Why would you use wall panelling and how can this be affordable? The answer is easy to understand. You can create faux wall panelling by using 6mm, 9mm or 12mm SupaWood and using paint. A sheet size of 2750 x 1830mm of 6mm SupaWood retails at around R500, and 12mm retails at around R700, and you can have that sheet cut down into all the component pieces you will require to create faux panelling up a staircase.
There are all different designs for wall panelling and you will want to select one that complements both the design and style of a home. DIY options for panelling include beadboard - where a router is used to cut grooves in a solid sheet to make it look like separate panels slotted together, or you can use tongue and groove pine that is painted.

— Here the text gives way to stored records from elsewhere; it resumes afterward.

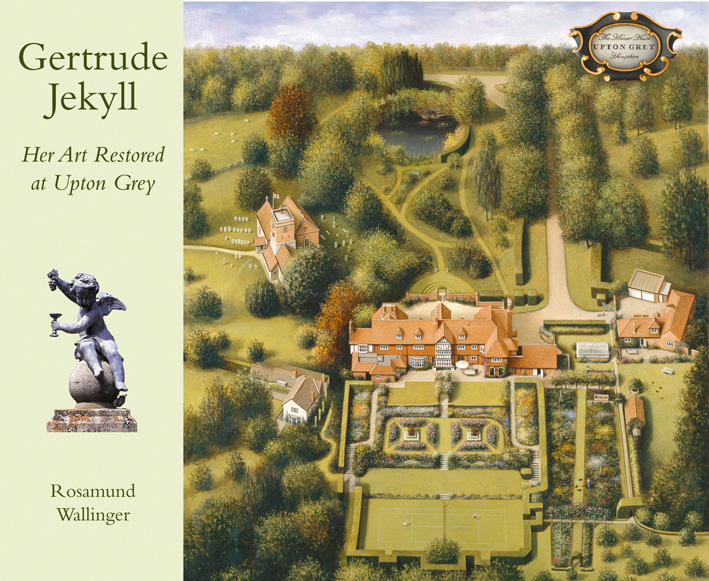 Aerial view of Arts and Crafts–style Manor house and formal gardens, on cover of 'Gertrude Jekyll: Her Art Restored at Upton Grey', by ACC Art Books.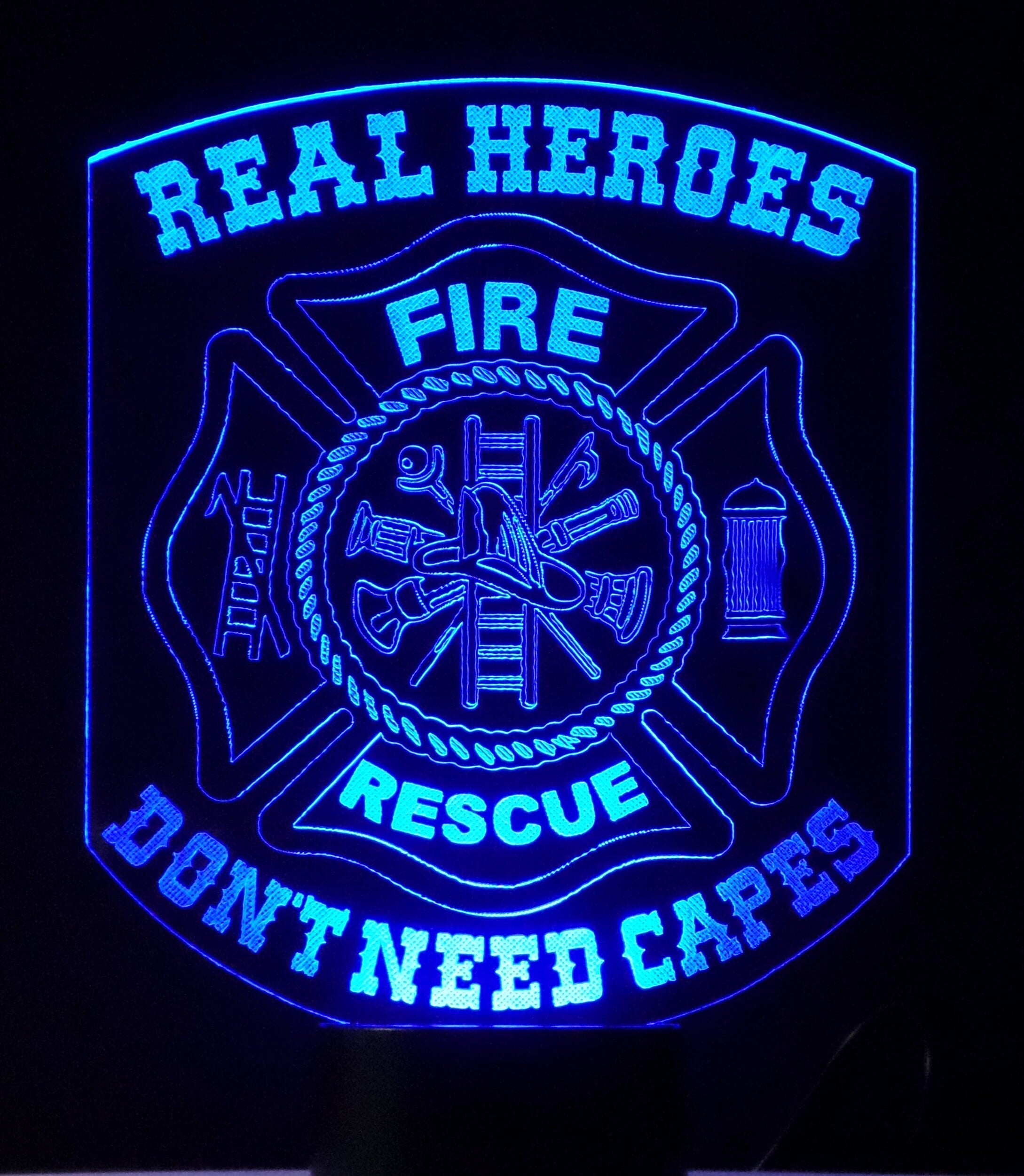 Awesome "Real Heroes - Don't Need Capes" Fire Rescue Maltese Cross LED Lamp (1096) - FREE SHIPPING!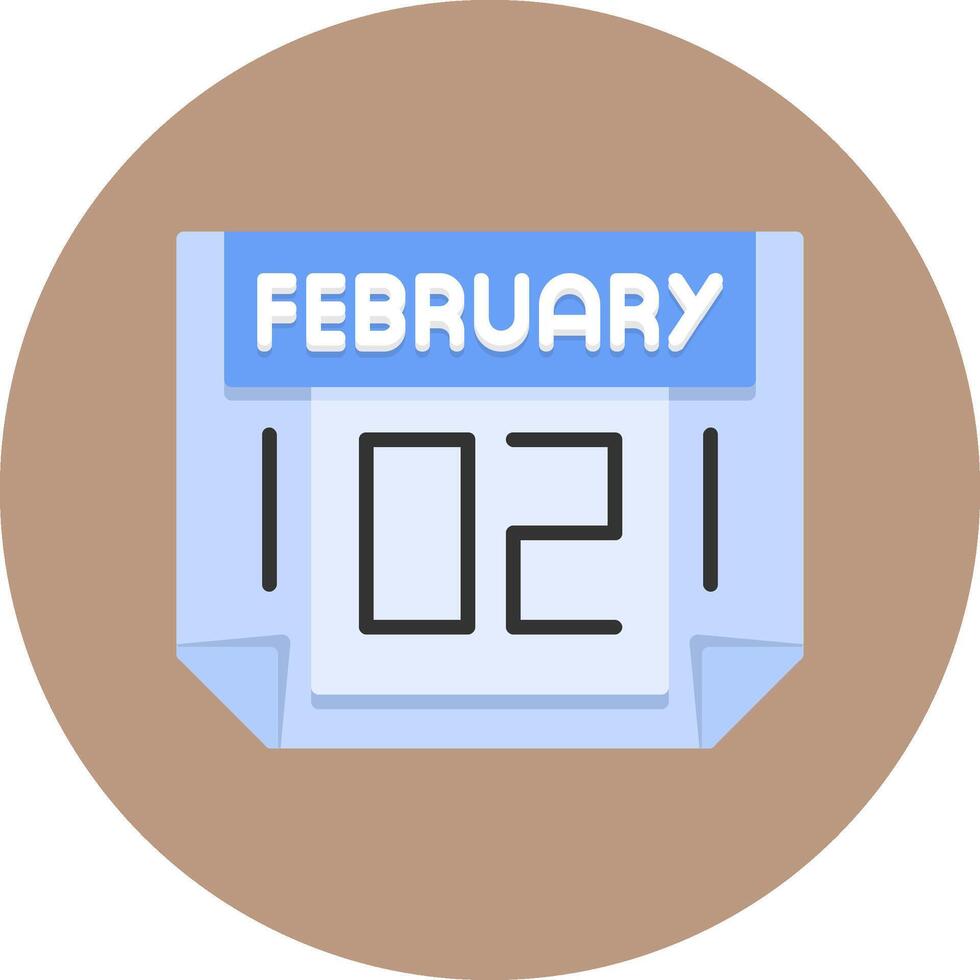 2 February Icon for Creative Projects vector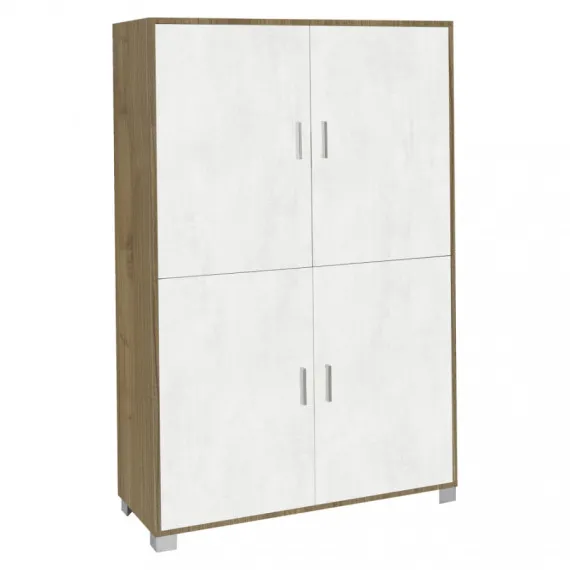 Sideboard mit 4 Türen in Nussbaum und Weiß, 107 cm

I tend to stay clear of the latter option because pine is known to warp, and making your own beadboard is a less inexpensive option and one that will last a lifetime.
A popular panelling option in many homes is the use of beadboard, as shown below. This is achieved by routing a 'V' shape at intervals across the board to replicate the appearance of boards joined together. Additional pine or SupaWood trim can be added at the top and bottom of the beadboard panels to add more detail.
Known to many as shiplap, this design consists of horizontal lines or planks. Not available locally, you can achieve the same look by using sheet boards and adding grooves using a router or have planks cut to size for securing on a wall.
What is Faux Wall Panelling?
The easiest way to describe faux wall panelling is to say that it is a sheet board cut into pieces that can be glued onto a wall to resemble full panelling, with the exception at the centre section of the detail is not panelled but rather painted to look like the rest of the panelling.
Applying panelling in this way cuts down drastically on the amount of board product needed to complete the look, and you only need to have a sheet cut into uprights and top or bottom detailing.
How to Install Faux Wall Panelling
Secure vertical and horizontal panels onto the wall with adhesive. You can use No More Nails or Contact Adhesive for this purpose.
Additional detailing can be achieved by layering pine or SupaWood moulding or trim along the top edge or where you want this to appear. In the image below, a decorative pine rail or dado has been glued onto the wall above the faux panelling.
Idea for installing wall panelling up a staircase
After securing all the panels and detailing on the wall, the next step is to paint the entire installation. You will want to use a paint that is durable and easy to clean since this area can get grubby quickly.
Should you decide to do any wall panelling in your home, pop into your nearest Builders or hardware store and check out the available options as regards moulding and trim, because there are plenty of options to consider and you might even save more money using thinner trim or moulding.